How to Make Deep Dish Bechamel Pepperoni Pizza

Make the Dough

Pour a package of Urban Slicer Epic Deep Dish dough into a stand mixer or large bowl. Add 1 cup of warm water and knead for 8 minutes with a dough hook or 10 minutes by hand. Cover the dough with a moist towel and let it rise at room temperature for 2–4 hours, until soft and springy.

Prepare the Pans

Spray two 13″ deep dish pans (or one large pan) generously with duck fat spray. Stretch the dough into each pan and let it rise again for 1 hour. While it rests, fire up your smoker to its max—500 to 600°F.

Top the Pizza

Spread a generous layer of bechamel sauce over the dough.
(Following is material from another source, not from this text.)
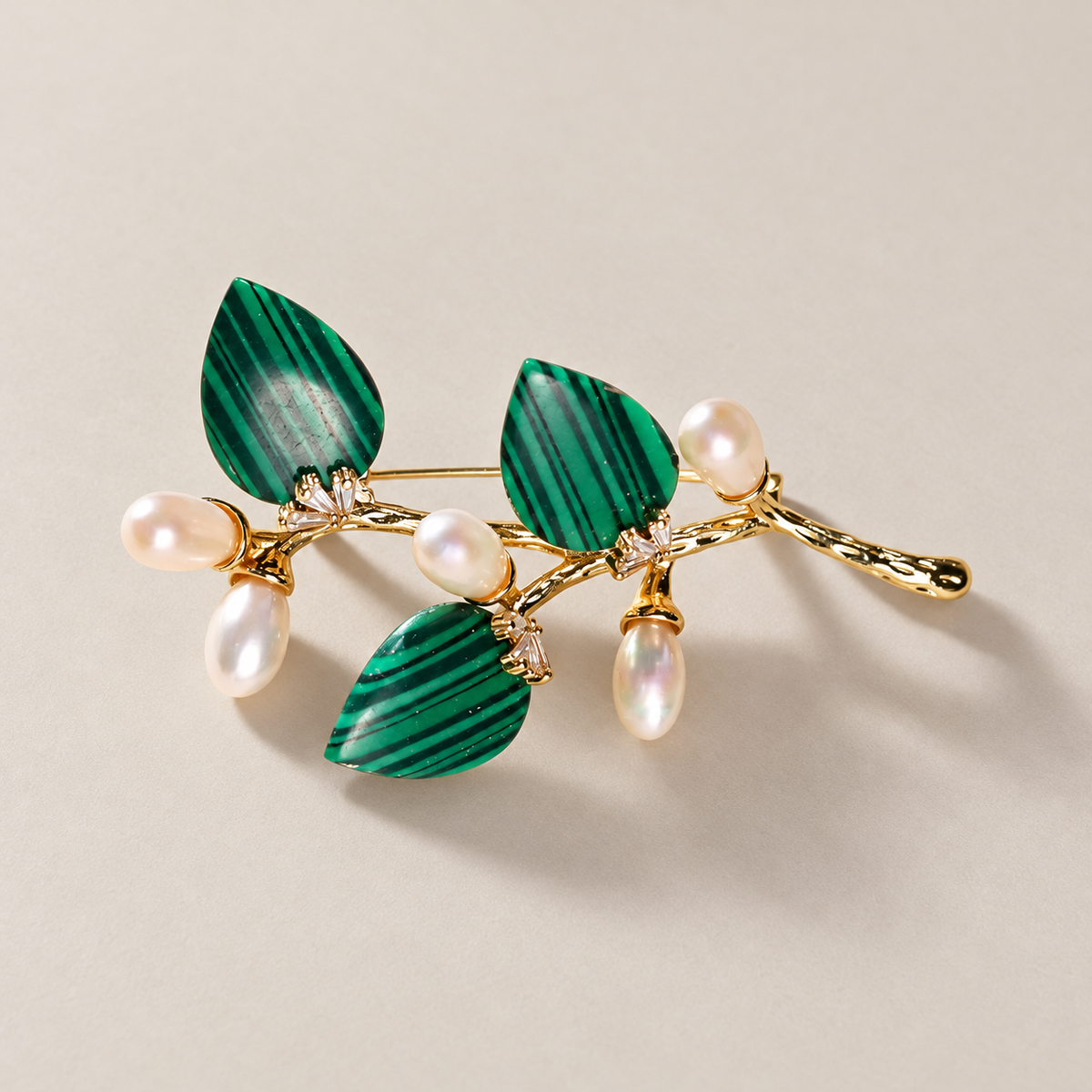 Green natural stone flower branch brooch with freshwater pearls on a neutral background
Add a heavy handful of shredded cheese. Finish with a thick layer of pepperoni, covering every inch.

Smoke the Pizza

Place the pan directly in the smoker. Close the lid and cook for 5 minutes. Then start checking the crust every 2 minutes. You’re looking for a deep golden brown bottom and bubbly, melty cheese on top. Total cook time is about 10 minutes.

Rest and Slice

Let the pizza rest in the pan for 5 minutes to allow the cheese to settle. Carefully remove it, slice into thick triangles, and serve hot.

Best Beer To Pair With Deep Dish

American Pale Ale

Crisp and hoppy, it cuts through the richness of the bechamel and pepperoni.

Pilsner

Light, refreshing, and just enough bitterness to balance the buttery base.

Amber Ale

Toasty and smooth, it matches up well with the caramelized crust and melted cheese.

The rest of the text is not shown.